There are two aspects that are important to consider: the notion of history in the system and the notion of a critical state.
Let’s back up for a second and first consider the role of chaos. When you’re dealing with systems and processes that are extraordinarily sensitive to tiny influences along the path (or history) of their development, you have to take into account the potential for chaos. Chaos is, in fact, one way that complexity can grow out of simplicity. So-called chaotic processes look wildly erratic even when the underlying rules of the system are very simple. Yet chaos by itself does not give rise to events called “upheavals.” So what does? Well, that brings us to equilibrium. This is a term that refers to a system that’s in a state of balance. It’s actually when systems are out of equilibrium that you start to get the notion of history because the system does not exist under unchanging conditions. This imbalance leads directly to the critical state because, as Mark puts it in the book:
The key idea is the notion of the critical state, a special kind of organization characterized by a tendency toward sudden and tumultuous changes, an organization that seems to arise naturally under diverse conditions when a system gets pushed away from equilibrium.
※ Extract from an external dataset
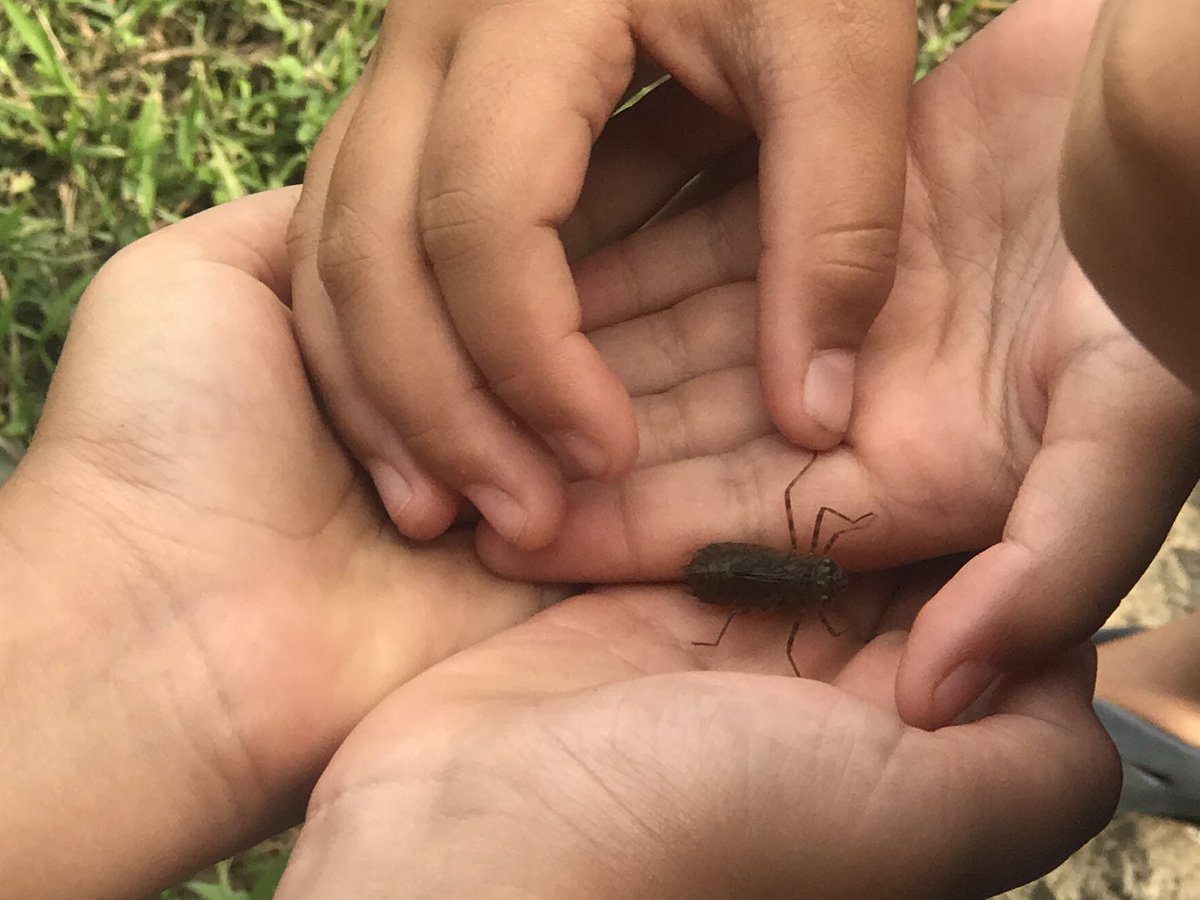 ‘Āina based learning at it’s best! #outdoorlearninglab #nohoanafarms #makinglearningcometilife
Some people refer to the sum of these ideas as complexity theory. Yet others refer to it all as non-equilibrium physics. Some even call it historical physics because the notion of complexity is derived from the accumulation of what are basically “historical accidents.”
The idea of the critical state is more diffuse than just a given location in a system; it’s a result of the structural aspects of a system. The manifestation of the critical state can be thought of as a sort of skeleton of instability, for lack of a better phrase, that runs through interconnected systems. An event or action hitting one area of instability can cause a ripple effect at other nearby points on the instability chain. What you get is a domino-like effect.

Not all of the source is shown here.